MCP Link adheres to the open Model Context Protocol (MCP) specification, ensuring compatibility across various AI Agent frameworks. By following this standard, developers can be confident that their APIs will work seamlessly in different applications and environments.
The architecture of MCP Link is designed around a modular approach, allowing for flexibility and scalability as new features are added or existing ones are modified. Figure 1 below outlines the critical components and data flow within the system:
graph TD
A[AI Application] -->|MCP Client| B[MCP Protocol]
B --> C[MCP Server]
C --> D[Data Source/Tool]
style A fill:#e1f5fe
style C fill:#f3e5f5
style D fill:#e8f5e8
By following the protocol flow diagram (Figure 2), developers can understand how data moves between the AI application, MCP client, server, and external tools or data sources. This ensures a robust and reliable integration process.
graph TD
A[AI Application] --> B[MCP Client]
B --> C[MCP Server]
C --> D[Data Source/Tool]
Getting started with MCP Link is straightforward, involving minimal setup steps. To install and run the server locally:
Clone the repository:
git clone https://github.com/automation-ai-labs/mcp-link.git
cd mcp-openapi-to-mcp-adapter
Install the necessary dependencies:
go mod download
Start the MCP Link server on port 8080 with a zero-host address to allow external access:
go run main.go serve --port 8080 --host 0.0.0.0
MCP Link can be used to convert APIs from real-time data providers, ensuring they are seamlessly integrated into AI workflows for analytics and decision-making processes.
For example, a weather API could provide current conditions and forecasts, which an AI system like Claude Desktop or Continue could use to inform users about severe weather warnings. The integration through MCP Link ensures that the API data is always up-to-date and easily accessible.

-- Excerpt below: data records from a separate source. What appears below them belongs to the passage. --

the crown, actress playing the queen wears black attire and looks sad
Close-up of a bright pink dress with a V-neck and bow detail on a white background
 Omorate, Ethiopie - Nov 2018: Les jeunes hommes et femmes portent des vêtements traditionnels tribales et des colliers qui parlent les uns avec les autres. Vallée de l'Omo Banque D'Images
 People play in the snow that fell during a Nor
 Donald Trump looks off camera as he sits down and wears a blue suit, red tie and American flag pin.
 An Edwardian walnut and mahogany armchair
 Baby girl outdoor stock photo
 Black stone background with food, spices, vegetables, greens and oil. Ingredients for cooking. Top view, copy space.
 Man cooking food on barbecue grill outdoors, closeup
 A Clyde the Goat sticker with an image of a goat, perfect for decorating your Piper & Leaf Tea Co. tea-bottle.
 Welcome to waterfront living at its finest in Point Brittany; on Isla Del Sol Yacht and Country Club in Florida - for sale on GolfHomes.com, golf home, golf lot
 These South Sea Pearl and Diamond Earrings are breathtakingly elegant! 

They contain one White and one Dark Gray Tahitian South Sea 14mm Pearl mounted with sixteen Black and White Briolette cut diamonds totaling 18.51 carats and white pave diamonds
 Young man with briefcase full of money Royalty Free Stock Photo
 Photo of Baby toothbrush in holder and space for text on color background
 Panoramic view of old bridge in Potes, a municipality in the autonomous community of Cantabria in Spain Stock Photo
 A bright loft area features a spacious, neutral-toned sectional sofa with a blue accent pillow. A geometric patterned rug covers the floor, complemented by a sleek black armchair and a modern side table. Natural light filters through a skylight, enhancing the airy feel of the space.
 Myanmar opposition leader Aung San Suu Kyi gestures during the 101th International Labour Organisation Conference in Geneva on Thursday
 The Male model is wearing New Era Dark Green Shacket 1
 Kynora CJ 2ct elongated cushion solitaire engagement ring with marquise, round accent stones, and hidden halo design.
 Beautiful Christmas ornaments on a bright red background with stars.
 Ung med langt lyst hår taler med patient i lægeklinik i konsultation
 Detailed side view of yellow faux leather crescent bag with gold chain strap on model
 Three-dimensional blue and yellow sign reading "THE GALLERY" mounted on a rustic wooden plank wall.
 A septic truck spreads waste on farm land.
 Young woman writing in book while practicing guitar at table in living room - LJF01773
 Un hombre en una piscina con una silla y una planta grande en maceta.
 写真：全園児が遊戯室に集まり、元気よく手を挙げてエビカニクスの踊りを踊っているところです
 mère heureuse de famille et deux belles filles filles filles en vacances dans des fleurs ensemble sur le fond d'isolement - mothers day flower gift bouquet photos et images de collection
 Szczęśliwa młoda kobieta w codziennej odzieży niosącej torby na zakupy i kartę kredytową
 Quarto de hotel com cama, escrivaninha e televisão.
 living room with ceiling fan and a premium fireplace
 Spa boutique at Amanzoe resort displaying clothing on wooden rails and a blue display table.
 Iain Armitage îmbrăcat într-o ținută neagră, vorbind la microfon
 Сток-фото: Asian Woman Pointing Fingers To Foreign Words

By converting customer service APIs into MPC servers, organizations can enable more efficient and responsive support interactions within chat applications or voice assistants.
For instance, a customer service API from a company like DuckDuckGo could be used to provide quick responses to user queries. When integrated via MCP Link, this API allows AI agents to call specific endpoints seamlessly, ensuring that users receive accurate and timely assistance.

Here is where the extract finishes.